> **Information shown**

========

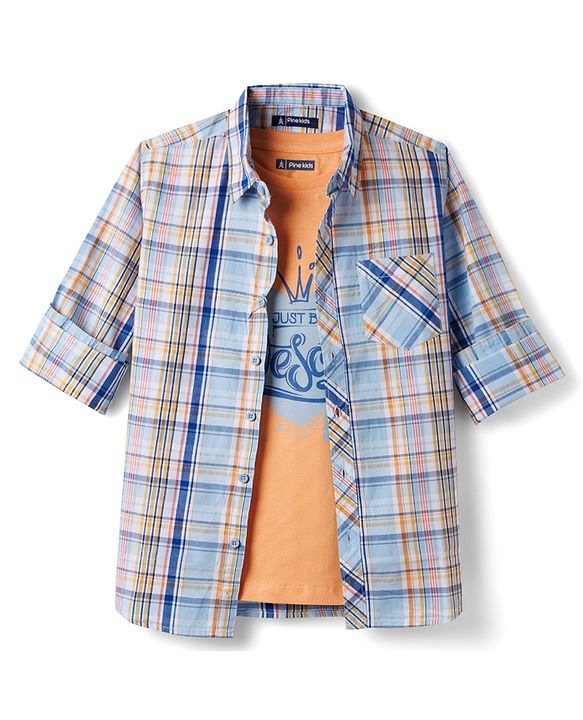 Pine Kids Cotton Woven Half Sleeves Checks Shirt With Printed T-Shirt - Multicolor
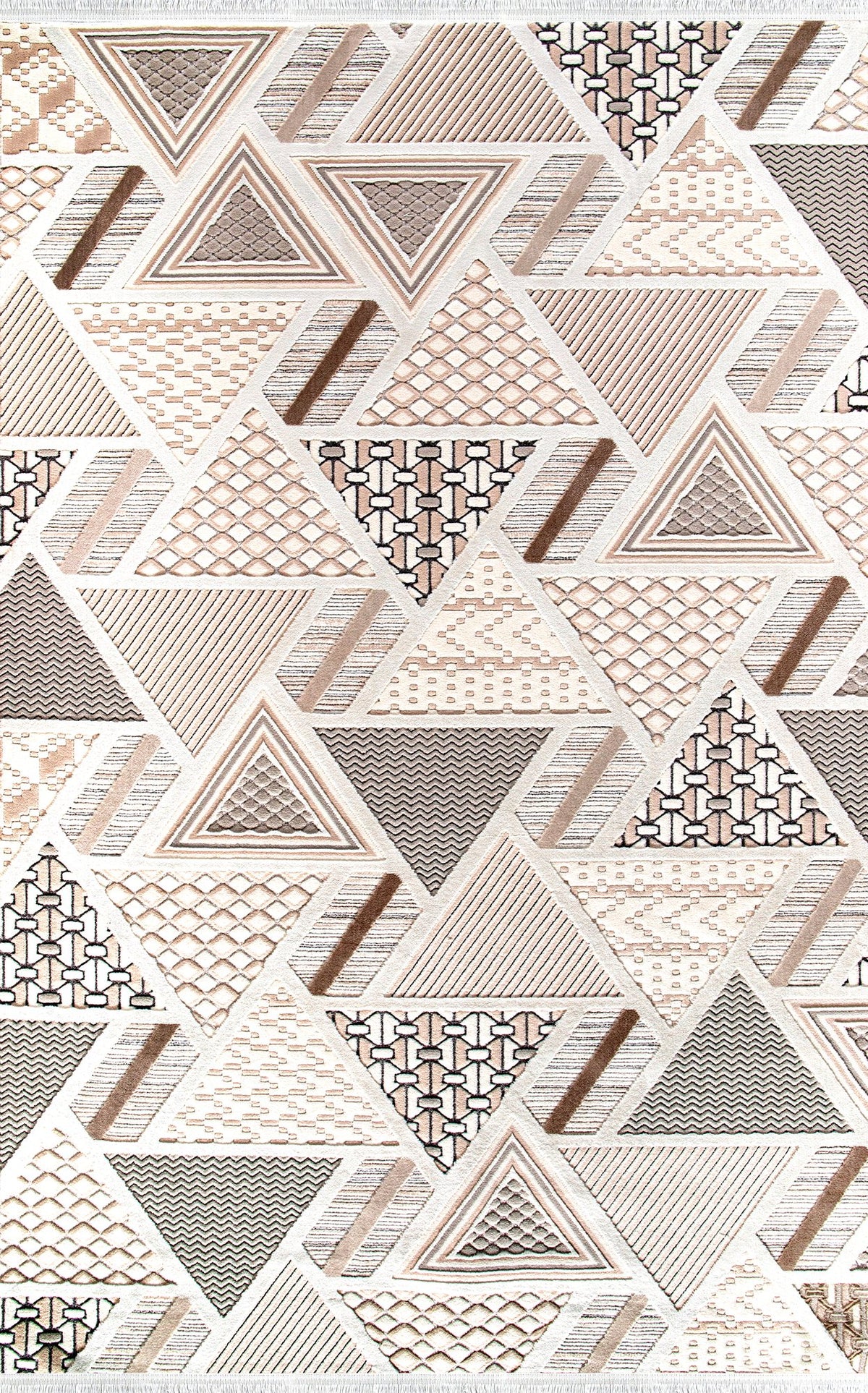 Cream & Beige Triangle Relief Area Rug BY008 top view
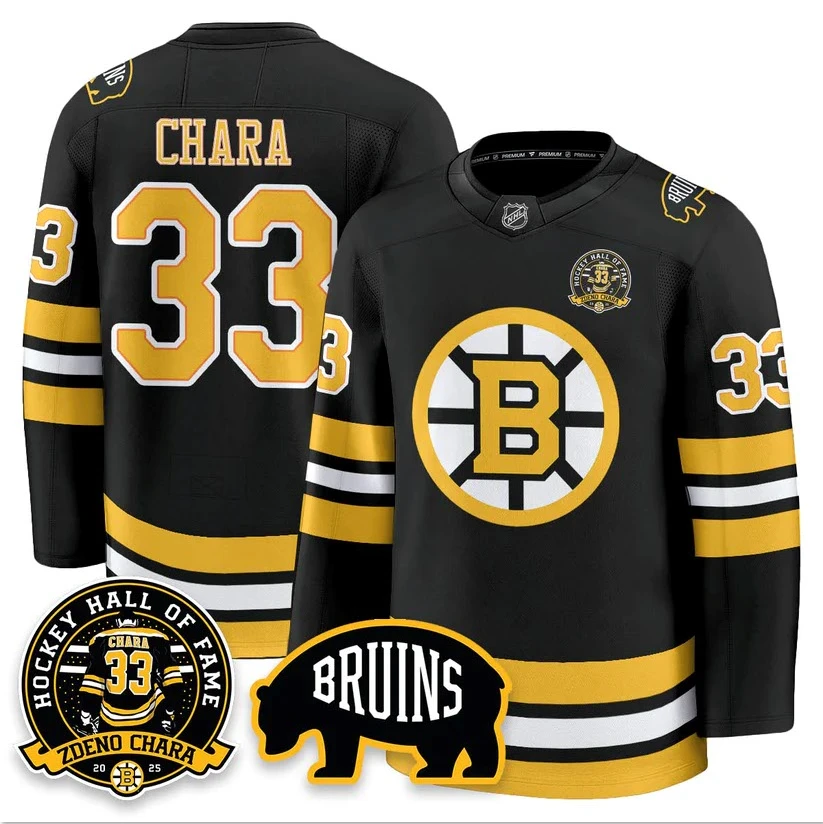 Zdeno Chara Jersey #33 Boston Bruins Premium Hockey Zdeno Chara HOF Stitched by Hockey David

========

> **About this exercise**
The full data, repeated exactly and stripped of its pictures, is the expected answer.

> **Answer below**
 Pine Kids Cotton Woven Half Sleeves Checks Shirt With Printed T-Shirt - Multicolor
 Cream & Beige Triangle Relief Area Rug BY008 top view
 Zdeno Chara Jersey #33 Boston Bruins Premium Hockey Zdeno Chara HOF Stitched by Hockey David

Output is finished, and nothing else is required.